Extracted data entries:
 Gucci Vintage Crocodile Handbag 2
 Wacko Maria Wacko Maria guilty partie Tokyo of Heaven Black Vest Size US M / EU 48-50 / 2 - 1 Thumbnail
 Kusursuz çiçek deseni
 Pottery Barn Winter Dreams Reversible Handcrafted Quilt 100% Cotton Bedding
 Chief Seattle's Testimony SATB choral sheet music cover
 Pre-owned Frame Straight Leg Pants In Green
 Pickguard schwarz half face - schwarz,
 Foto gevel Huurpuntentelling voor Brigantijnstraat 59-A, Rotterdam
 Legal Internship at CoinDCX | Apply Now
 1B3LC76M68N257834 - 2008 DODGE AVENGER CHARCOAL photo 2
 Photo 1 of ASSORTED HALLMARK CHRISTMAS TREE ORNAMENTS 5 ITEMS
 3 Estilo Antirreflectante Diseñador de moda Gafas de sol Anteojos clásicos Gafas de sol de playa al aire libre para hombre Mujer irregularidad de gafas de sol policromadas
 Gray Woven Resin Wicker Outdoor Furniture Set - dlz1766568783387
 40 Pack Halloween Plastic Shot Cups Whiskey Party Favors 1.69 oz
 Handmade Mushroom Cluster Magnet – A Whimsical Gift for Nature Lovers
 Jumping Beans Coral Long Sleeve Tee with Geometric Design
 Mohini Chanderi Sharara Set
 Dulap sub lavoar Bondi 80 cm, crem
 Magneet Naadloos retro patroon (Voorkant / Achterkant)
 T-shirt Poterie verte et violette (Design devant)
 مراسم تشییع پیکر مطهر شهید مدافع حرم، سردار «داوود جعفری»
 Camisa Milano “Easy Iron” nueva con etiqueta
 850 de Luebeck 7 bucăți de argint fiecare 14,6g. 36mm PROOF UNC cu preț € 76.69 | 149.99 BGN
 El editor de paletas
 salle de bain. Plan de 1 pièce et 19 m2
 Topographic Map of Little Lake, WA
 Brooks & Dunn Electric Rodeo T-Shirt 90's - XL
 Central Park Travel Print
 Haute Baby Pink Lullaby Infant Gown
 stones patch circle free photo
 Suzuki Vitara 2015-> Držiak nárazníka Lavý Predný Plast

• **WHAT IS NEEDED**: Restate verbatim the first line above and all lines after it through the line containing "Photo 1 of ASSORTED"; omit the rest.

• **ANSWER BOX**:
 Gucci Vintage Crocodile Handbag 2
 Wacko Maria Wacko Maria guilty partie Tokyo of Heaven Black Vest Size US M / EU 48-50 / 2 - 1 Thumbnail
 Kusursuz çiçek deseni
 Pottery Barn Winter Dreams Reversible Handcrafted Quilt 100% Cotton Bedding
 Chief Seattle's Testimony SATB choral sheet music cover
 Pre-owned Frame Straight Leg Pants In Green
 Pickguard schwarz half face - schwarz,
 Foto gevel Huurpuntentelling voor Brigantijnstraat 59-A, Rotterdam
 Legal Internship at CoinDCX | Apply Now
 1B3LC76M68N257834 - 2008 DODGE AVENGER CHARCOAL photo 2
 Photo 1 of ASSORTED HALLMARK CHRISTMAS TREE ORNAMENTS 5 ITEMS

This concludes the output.